Why is this relevant today? Because senior U.S. officials increasingly blame our woes in Afghanistan on that country's leader, Hamid Karzai. The trend was already evident last February, when then-Sen. Joe Biden walked out of a dinner with the Afghan president in Kabul. Yesterday, the new director of national intelligence, Dennis Blair, condemned "Kabul's inability to build effective, honest and loyal . . . institutions." More and more, senior administration officials signal that they want to replace Karzai.


Boot wants us to focus on the war by pursuing classic counter-insurgency in Afghanistan that will allow whoever is in the throne in Kabul to govern more effectively. I think the Diem warning is particularly appropriate for the Obama administration to hear, given the eagerness of his base to cry "Vietnam." Angling for a replacement for Karzai that might bypass the electoral process is madness and misses the point that Kabul is not the center of gravity in Afghanistan:

If rivals of Karzai think this is a green light to abandon elections as a means to power, whoever takes over will be viewed as "our man" and we will own Afghanistan.
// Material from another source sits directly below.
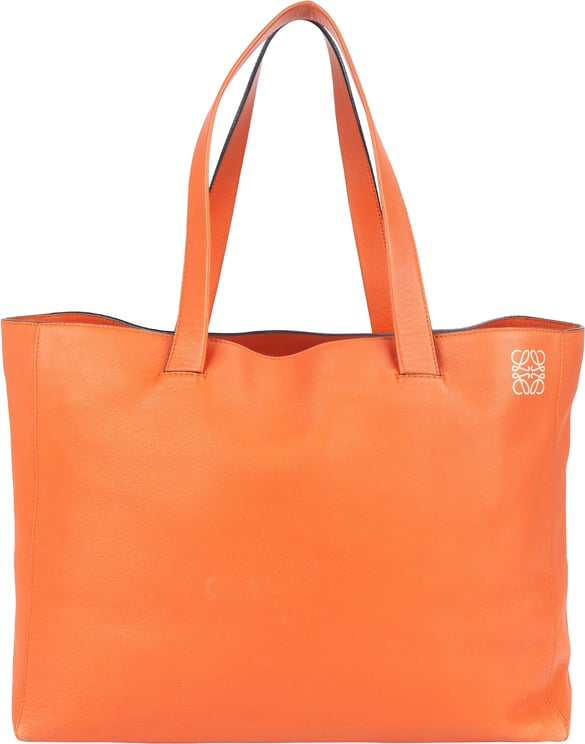 Loewe Loewe Leather Anagram Large Tote Shoulder Bag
Remember the "Pottery Barn rule" that liberals once said about Iraq in the summer of 2003? You break it, you own it?

This is just idiotic. Does anybody remember Diem? For a group of people enthralled with reliving the Vietnam War protest era, they sure do seem committed to recreating it somewhere. They failed to lose the war in Iraq. Is Afghanistan their Vietnam Experience Tour now? Do we really want to own Afghanistan and push the Afghans aside to fight the Taliban?

The proper response to an ineffective central government is not to put somebody else in charge at the center, expecting a miracle worker. Given Afghanistan's history, the correct response is to minimize the role of the corrupt central government to focus on the (admittedly corrupt) provincial and local leaders. At least the latter approach means stolen money is dispersed throughout the country rather than staying in Kabul and making the place a coup magnet. Even if we could find an "Afghan Thomas Jefferson," the central government is not the place for such a man. And keeping Afghans in the fight is the key. We can't alienate them or make them passive viewers of a war they care nothing about.
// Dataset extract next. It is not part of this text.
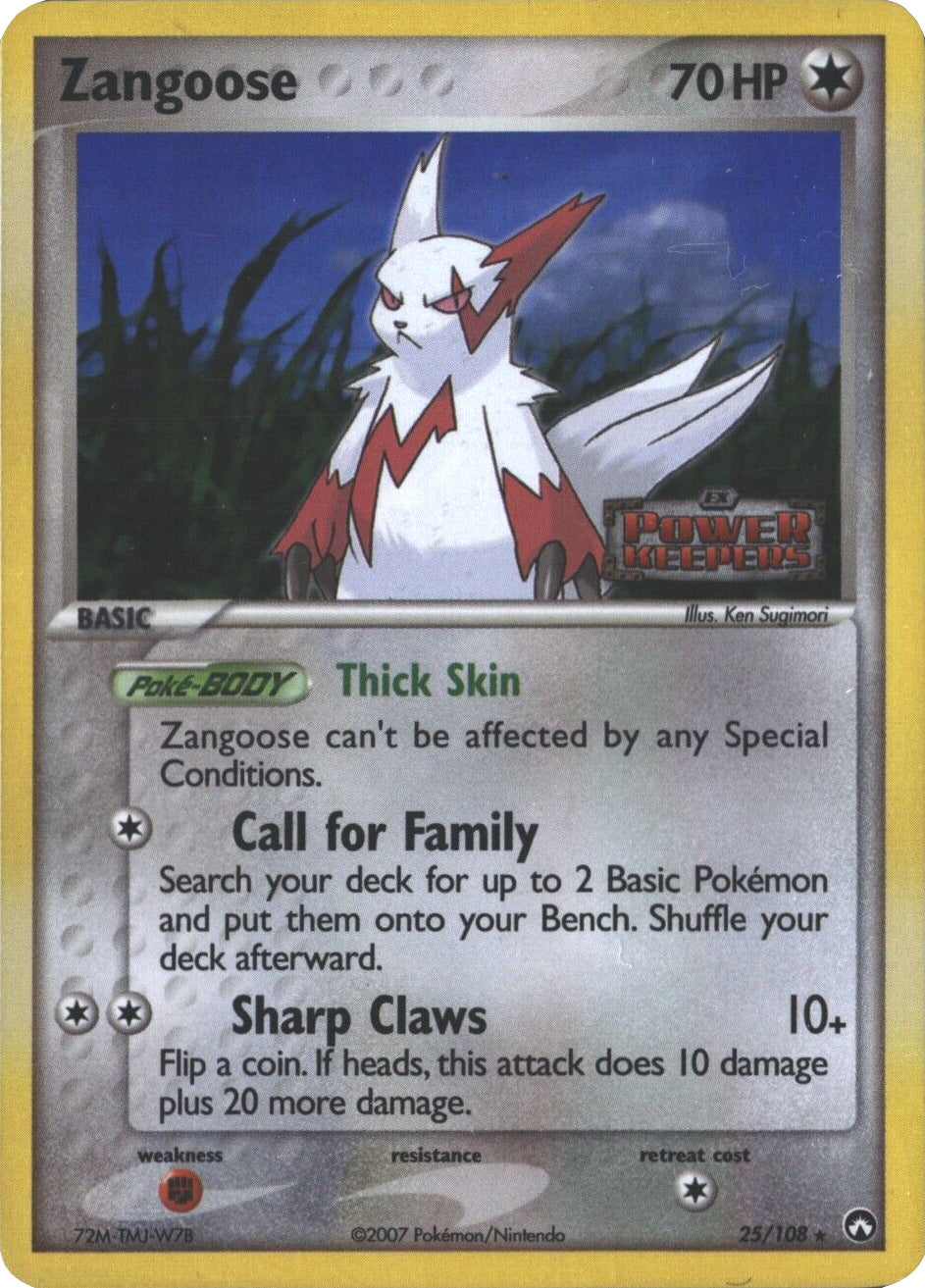 Zangoose (25/108) (Stamped) [EX: Power Keepers] | Cracking-Singles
Don't own Afghanistan. We won't like what we buy. And nobody in their right mind can think this administration or its supporters will pay the price.


Personally, I supported the Iraq surge concept of putting US forces into the field only because it was pretty clear that the practice of using US forces to "clear" while Iraqi forces "held" was faltering because Iraqi forces were too weak relative to the enemy jihadis and death squads to do the holding. We stepped in during the surge to both clear and hold to break the enemy and make them weak enough to return to the old strategy--which is working and more, as Iraqi forces not only hold but take the lead in clearing as well.

Luckily, the surge in Iraq worked far faster than I dreamed. My nightmare was that while the strategy was sound, the short run casualties would have killed our national morale faster than the strategy could bear fruit. It did not.

I still think that the old pre-surge strategy could have worked if our national will to support the Iraqis while they very slowly gained an edge on the enemies had held. But it would have taken time that in retrospect probably would have run out about a month ago.

I'm not so sure we can replicate classic counter-insurgency in Afghanistan with our forces as we did in Iraq. And if we could commit that level of troops, we shouldn't because of the poor supply lines going into Afghanistan place our military at too much risk of destruction as a fighting force if the supply lines are cut.

I think we have to focus on the gaining the allegiance of the rural tribes of Afghanistan, which are much more powerful than they are in Iraq. Our forces should focus on isolating Afghanistan from external accelerants such as ill-educated paid gunmen, money, and weapons that flow in from Pakistan and to a lesser extent Iran. Not entirely, of course. Some of our forces must support the Afghan army and police as well as friendly tribal local defense forces and local defense forces that we raise. Stiffeners, fire brigades, advisors, and access to fire support, supplies, and medical help will be a force multiplier for the campaign in the interior.

But regardless of how we end up trying to win, encouraging a game of musical chairs in Kabul when Kabul can't be the source of success with even an idealized Obama of Afghanistan in charge is sheer folly.

I find it idiotic enough that our Left cries "Vietnam!" whenever American forces enter combat. I'd be happier if the Left didn't try to ensure this outcome and not just predict it.